Alors je ferme les yeux. D’autres formes aussi nettes apparaissent. Je les ouvre, et la ville est toujours là, si nette. Depuis que j’ai ces lentilles, je fais l’étrange expérience de n’être plus libre de mes regards : le point se fait partout tout le temps, jamais mon regard ne peut se perdre désormais. Vision totale et immédiate du réel. Lequel. Je ne le choisis plus désormais. Il vient à moi comme des visions premières, toujours premières. Dans la nuit, quand les larmes de fatigue ou de froid viennent, un flou léger se forme et je reprends pied dans mes intérieurs. Je croise des visages que je ne reconnais pas et je marche plus vite pour chasser la ville qui m’attend déjà plus loin, dans ce square là-bas, des trafics, où il faut baisser la voix pour dire le prix.
Chaque matin, quand le soleil se lève pour les autres, en répandant la joie et la chaleur dans la nature, tandis qu’aucun de mes traits ne bouge, en regardant fixement l’espace plein de ténèbres, accroupi vers le fond de ma caverne aimée, dans un désespoir qui m’enivre comme le vin, je meurtris de mes puissantes mains ma poitrine en lambeaux. Pourtant je sens que je ne suis pas atteint de la rage ! Pourtant je sens que je ne suis pas le seul qui soufre !

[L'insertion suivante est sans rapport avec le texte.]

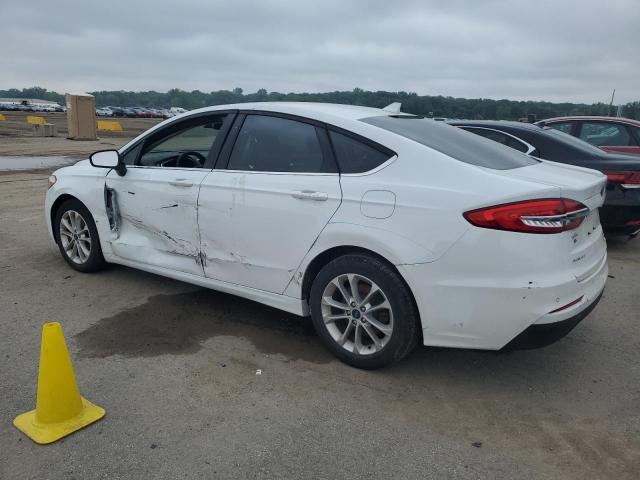 3FA6P0HD3LR248282 Ford Fusion SE 2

Pas encore, pas assez : la rage vient pourtant, je ne dors pas sans elle, c’est elle qui me jette sur le lit. Je ne sais pas : si je m’endors avec mes lentilles, est-ce que ma vue sera meilleure aussi, et quelles visions neuves ? Depuis que je dors avec les rideaux grand ouverts, le réveil est lent et multiple, les rêves s’enchaînent et se confondent les uns dans les autres, et dans la veille aussi. Les lentilles sont posées à côté du lit, une arme possible. Je ne m’en sers pas. Je laisse cette vision nette et fausse du rêve, la myopie agir dans les pensées rêveuses. La ville ne fonctionne pas différemment. Dans cette solitude du réveil, la pensée que je ne suis pas seul non plus revient lentement. Le prix de cette solitude, n’est pas celui que je paie seulement sur l’écran. D’ailleurs, il clignote lentement encore à l’aube (je n’éteins plus l’ordinateur). De l’autre côté, quels récits encore où mourir d’être encore en vie, et auprès de moi, seul, auprès de quoi, de qui, vivant, du désir de l’être, mais cela ne suffit pas. Noirceur de suie sur laquelle je souffle, éparpille des cendres, et la suie qui demeure dessine des formes étranges qui ressemblent à ma vie.
Pourtant je sens que je respire !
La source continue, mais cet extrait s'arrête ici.